In the normal course of business, we are exposed to financial risks such as changes in interest rates, foreign currency exchange rates, and counterparty risk. We use derivative instruments to manage selected interest rate exposures. The Company's market rate risk disclosures set forth in Part II, Item 7A, "Quantitative and Qualitative Disclosures About Market Risk" on our Annual Report on Form 10-K, filed with the SEC on November 20, 2025, have not changed materially during the six month period ended March 31, 2026.

Item 4. Controls and Procedures

Evaluation of Disclosure Controls and Procedures

Our management, with the participation of our principal executive officer and principal financial officer, has evaluated the effectiveness of the design and operation of our disclosure controls and procedures (as defined in Rules 13a-15(e) and 15d-15(e) under the Securities Exchange Act of 1934, as amended (the "Exchange Act")) as of the end of the period covered by this Quarterly Report on Form 10-Q. Based on this evaluation, our principal executive officer and principal financial officer concluded that our disclosure controls and procedures are effective and designed to ensure that the information required to be disclosed in our reports filed or submitted under the Exchange Act is recorded, processed, summarized, and reported within the time periods specified by the SEC's rules and forms, and that such information is accumulated and communicated to our management, including our principal executive officer and principal financial officer, as appropriate, to allow timely decisions regarding required disclosure.

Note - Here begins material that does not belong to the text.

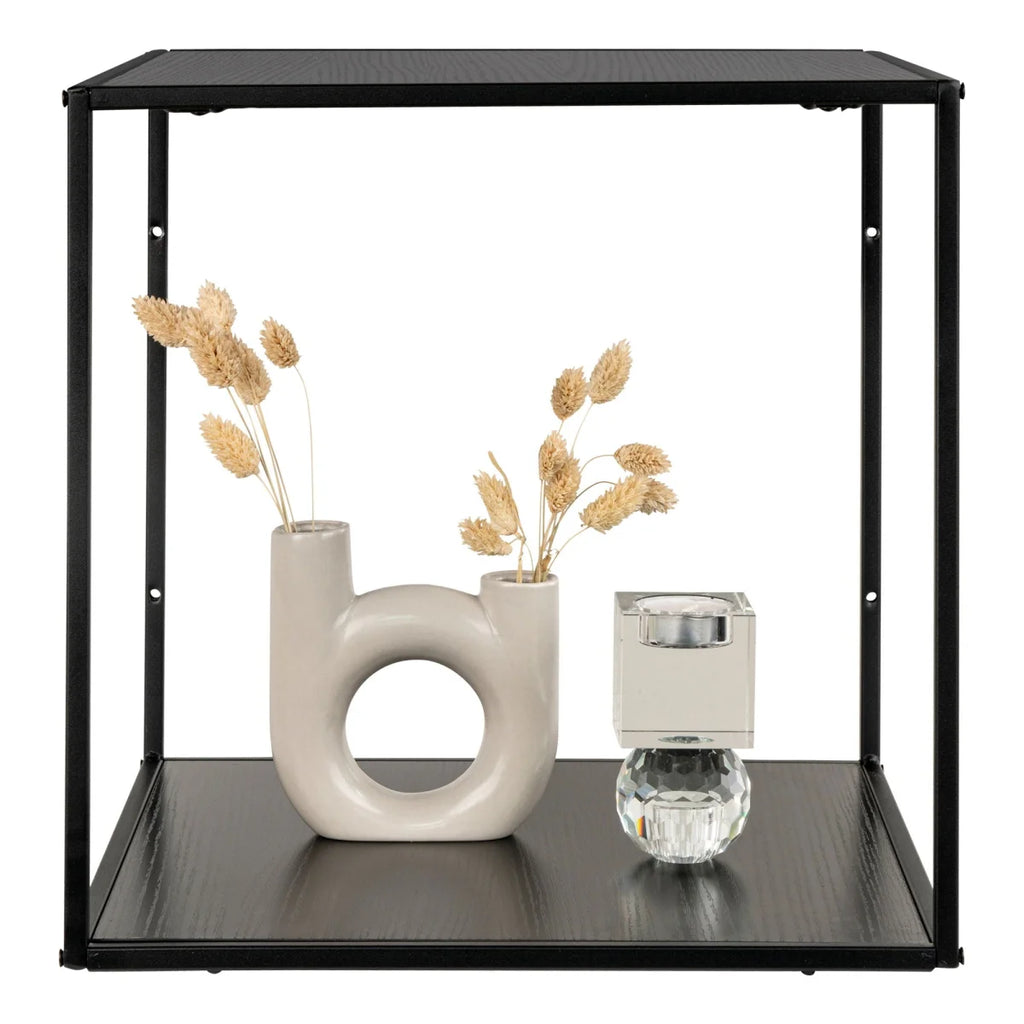 Vase céramique crème avec découpe circulaire, épi de blé doré, sur étagère murale cube 36x36x36 cm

Changes in Internal Control Over Financial Reporting

There was no change in our internal control over financial reporting (as defined in Rules 13a-15(f) and 15d-15(f) under the Exchange Act) identified in connection with the evaluation of our internal control that occurred during our last fiscal quarter that has materially affected, or is reasonably likely to materially affect, our internal control over financial reporting.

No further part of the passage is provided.